Purple Rain is by far one of the most electric albums of all time, and the title track’s inclusion in the final season of Stranger Things has brought it back to the foreground decades after its initial release. And it’s easy to see why it has so much staying power.
The buzzing whirr at the beginning of “Let’s Go Crazy” felt like a current on the brink of explosion or a heavenly glow in the darkness. Music hardly sounded like that before, and it set off a new era of musical exploration and creation in the mainstream. Indeed, in 2026, it’s hard to imagine a universe where those songs don’t define generations and become hits. Almost every song felt anatomically designed to be a big smash (maybe even one featured in a hit streaming show thirty years later). However, to make a hit was never Prince’s intention.

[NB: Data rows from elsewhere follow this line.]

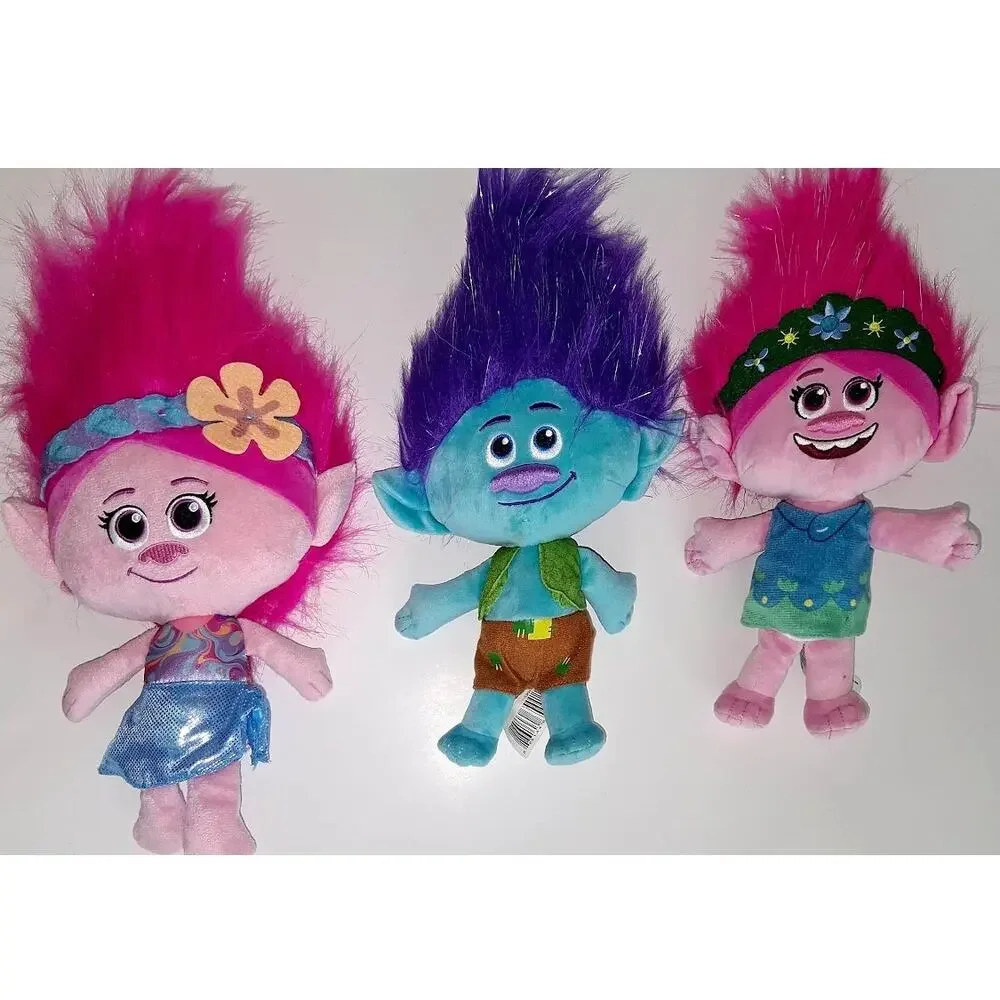 DreamWorks Trolls World Tour Plush Lot of 3 - Queen Poppy & Branch Stuffed Dolls
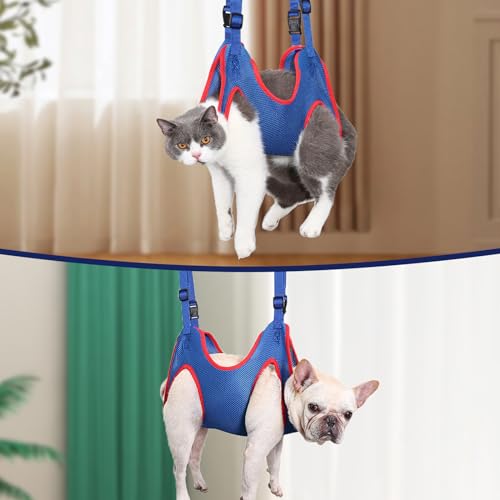 Pet Grooming Hammock and Harness for Dogs and Cats - Nail Clipping, Bathing, Cutting Loop (S), Blue and Purple - Image 4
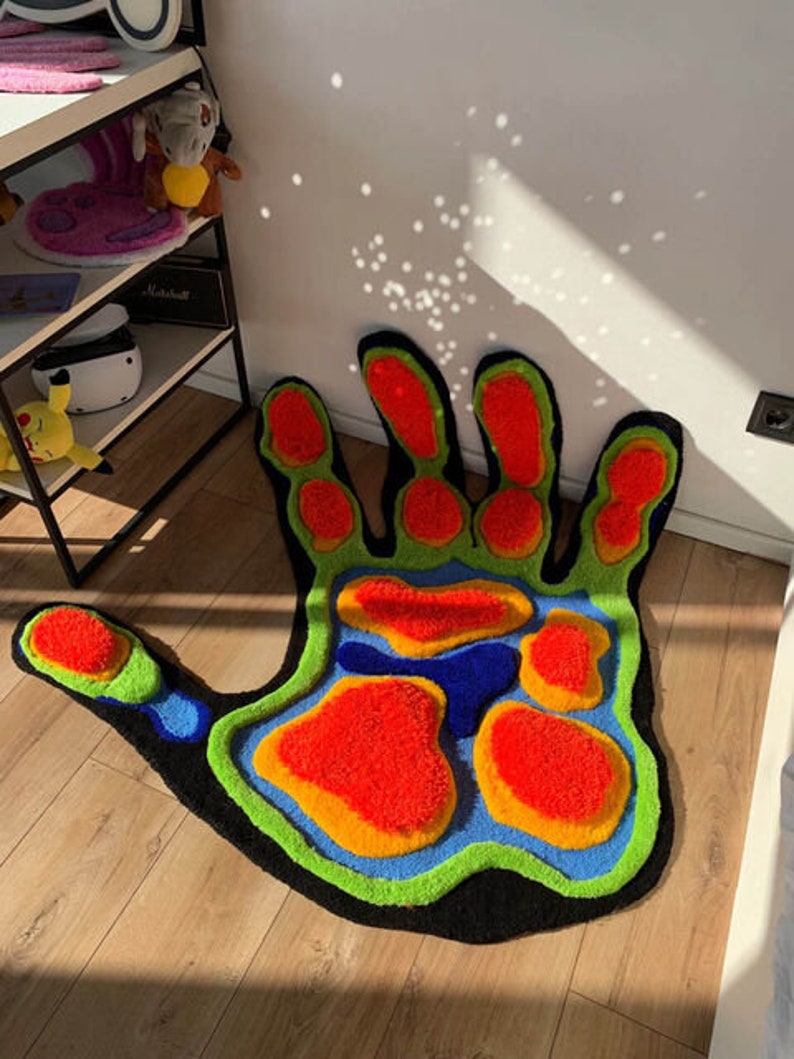 Hand Alfombra con mechones mullidos: un toque divertido y suave para tu salón o dormitorio , Regalo para el día de la madre, Regalo para el día del padre, Idea de regalo imagen 3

During a conversation with Ebony in 1986, he told the publication he thought it was too easy to go into the studio and make a hit. Anybody can make a record “just to make a payment on that Cadillac.” In his eyes, he was operating at an entirely different frequency than any other artist working at the time. Moreover, Prince felt like he was a dying breed, thankfully starting to come back around. He felt that art was fresher in the 1960s than in the mid-1980s, making his musical approach stand out as “avant-garde” amid commercial rock and pop.
Prince Slams Commercial Music in Vintage Interview
“I think Purple Rain is the most avant-garde purple thing I’ve ever done. Just look at ‘When Doves Cry’ and ‘Let’s Go Crazy’. Most Black artists won’t try a groove like that. If more would, we’d have more colorful radio stations,” Prince said at the time. “In the 60s, when everybody tried to be different, you had War and Santana, and Hendrix, and Sly [Stone], and James [Brown], and they were all uniquely different. Now, everyone just jumps on what they think are the hottest sounds.”
Prince argued that he didn’t say any of this to prop himself that much higher. Instead, he just felt like the talented artists of the world could afford to go even further. Don’t let radio dictate you, dictate what radio should sound like. Of course, the enticing allure of big paychecks nips all of this artistic purity away, especially at a time when artists could really bring in the dough.
Still, this didn’t dull his optimism too much. “A lot of the spirit is gone. When music became so commercial, and you could make so much money with it, people just started looking at it like that. Whatever the trend, clothes, food, toilet paper, whatever, everyone just jumps on it,” Prince shrugs. “I feel that we’re on the brink of something. It is going to be strict and wild and pretty.”